My first amplifier was the Dynaco ST70 Stereo Tube Amplifier with Cage.  I am guessing its age around 1955 but I really do not remember.   
This thread is about gear that is still in production. Why are all of you listing gear that hasn’t been produced in years? Reread the post!
You are correct yogiboy, I got "still for sale" mixed up with "production."
Kenny
That’s right gentlemen. We’re not talking T-Rex or Sabre Tooth Tiger here. They stopped making those models a long time ago. What we’re looking for is a Crocodile - was here, way back when they were making the T-Rex, and still in production today.
Racking my brain to come up with the oldest, yet current, audiophile component I’ll throw out the SME, S shaped, tonearm. (I consider it to be a component, rather than just a part).
I know when I put together my turntable-base-tonearm-cartridge system in 1980, the SME had been around for a few years already - a little longer than the Shure V cartridge, if my memory serves me well.  The tonearm has seen a little improving over the years but no radical change from the early 1970s.
I’ll say that’s my Crocodile.
I wish we could say the Shure V series.

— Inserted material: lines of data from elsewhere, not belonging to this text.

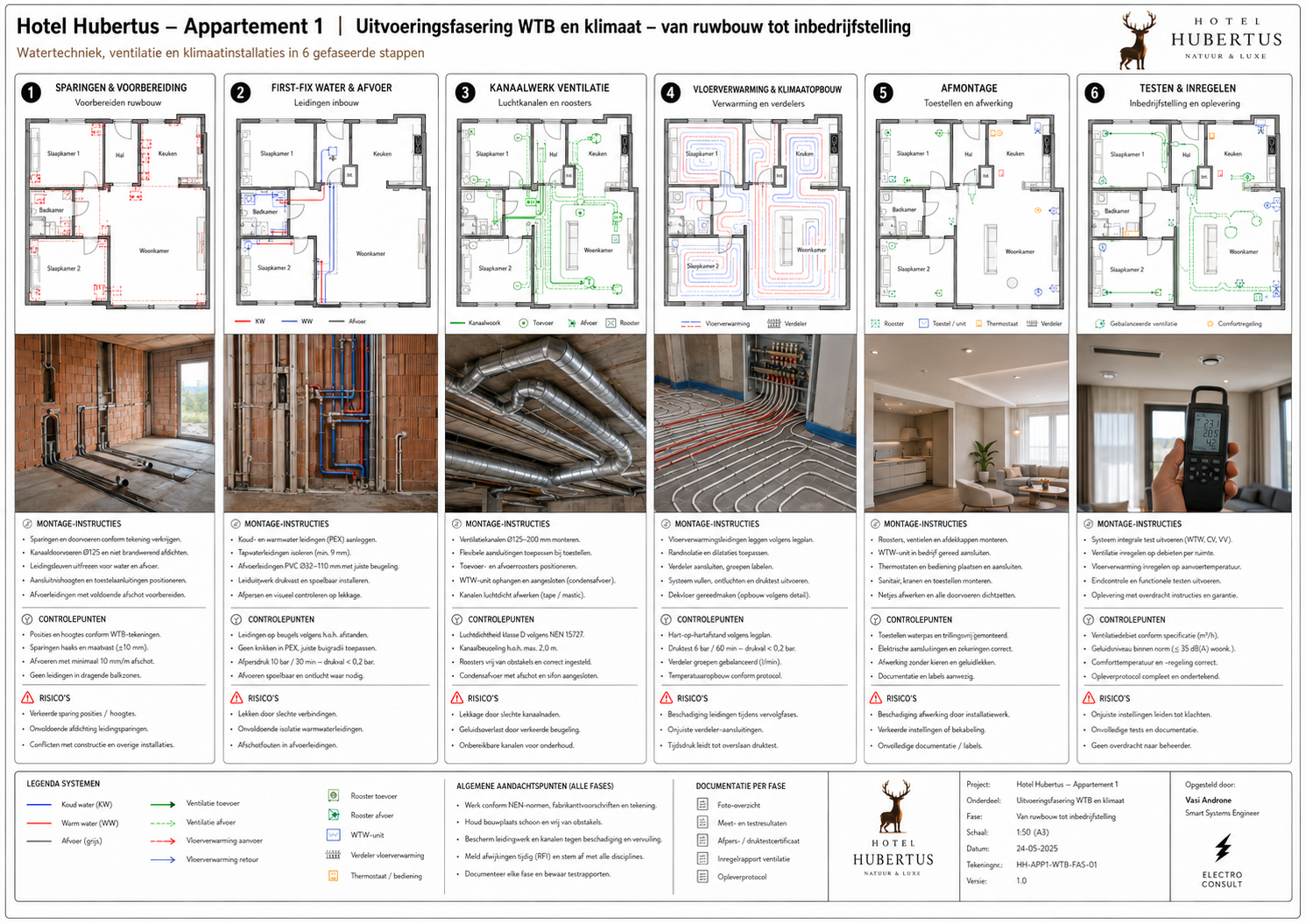 HH-APP1-COM-109 Montage-instructies, oplevering en beheer - projectblad 109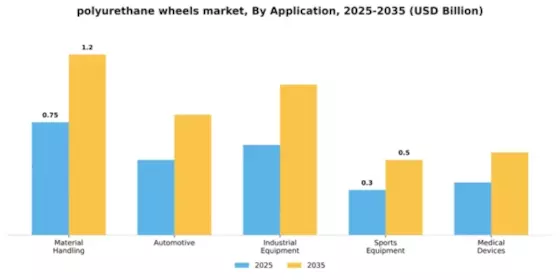 Polyurethane Wheels Market Segment Image 0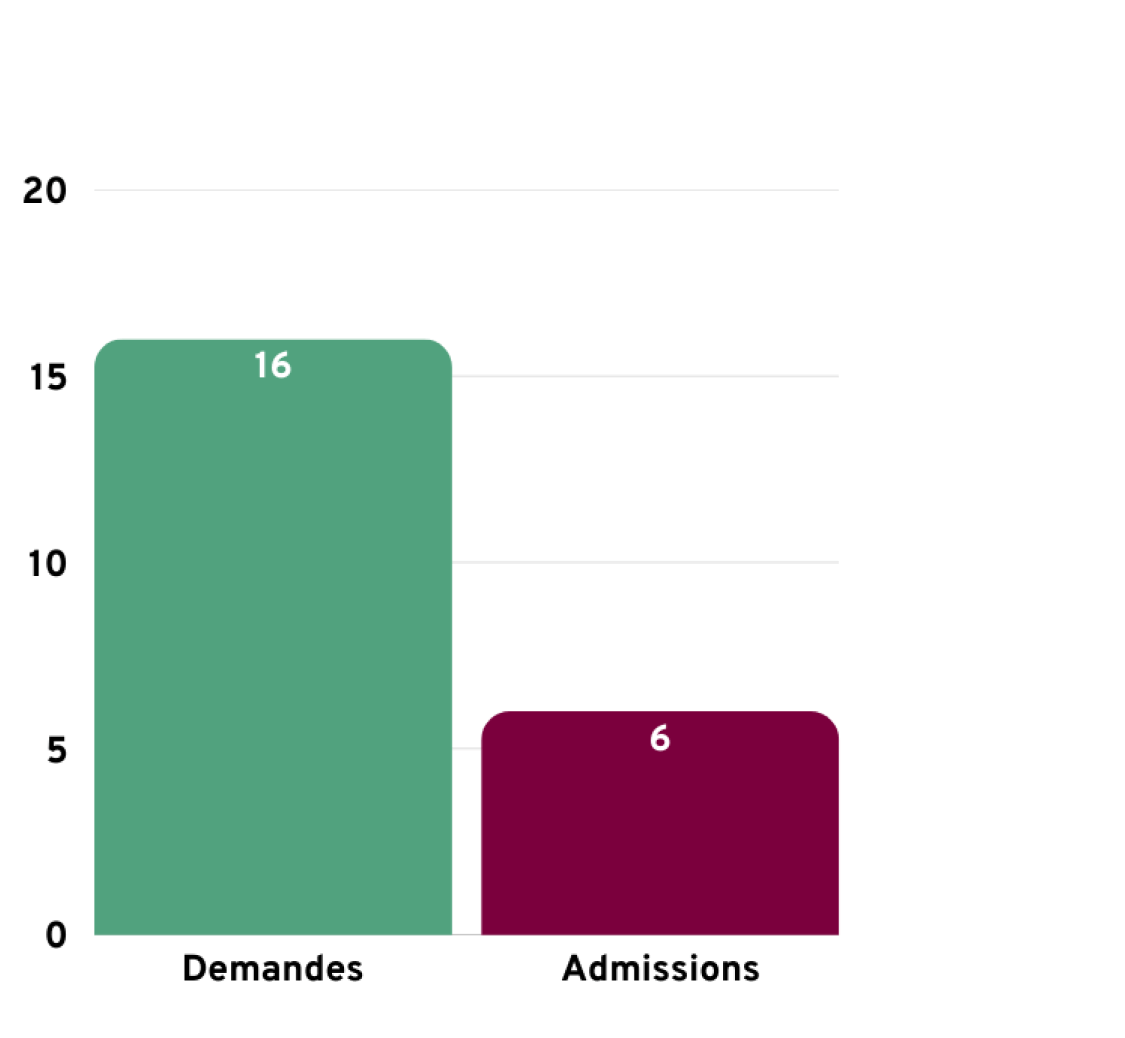Dentisterie multidisciplinaire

They should never have stopped making it, even if they had to change the cantilever. 

Does anyone know when Jelco started selling the SA-250ST? It had to be in the 1980's, right?
I personally am using a Stax SR5-SDR6 electrostatic headphone system, McIntosh MR74 tuner, and a Yamaha CA800 integrated amplifier on a third, small adio system.  What all there of these have in common, besides all of them at least 35-40 years old is that they are still incredible.  Trully, totally.  So much of this "old" stuff is still in excellent condition.  Used with todays latest power cords, power conditioners, interconnects, speaker wires, etc., some of these "ancient" audio products are definitly not out of place today.  I can still remember 40 years ago the Yamaha CA1000 integrated amplifier was being praised for it's preamplifier and matching phono preamplifier attributes.  And, in fact, my present Yamaha CA800 integrated would be hard pressed to be equalled today for less than say $2-$3000.  My Stax headphone system, for which I paid $100, sounded very like a $2000 Audieze pair of headphones I once heard.  And my MacIntosh MR74 tuner-well I recently sold my Day/Sequerra as it was nowere being it's equal.  No, for the money, carefully selected "old" stuff can be hard tobeat.  And lots of this can be found in basicsally mint condition.  And, of course, old timers such as myself are dying right and left  all over the place.  So the current situation should continue for some time.  And their prices are sure to be going up as more of us realize what treasures are outtheir for the picking.
Not many components can say they have been in commerce for a long time, but haven't become dated and superseded by more current gear,

The SME V arm came out in 1985, was considered one of the handful of top tonearms available, and continues now, 32 years later in the same company.  Hard to think of any other component that has not only continued in production but has also held its place vis a vis newer gear.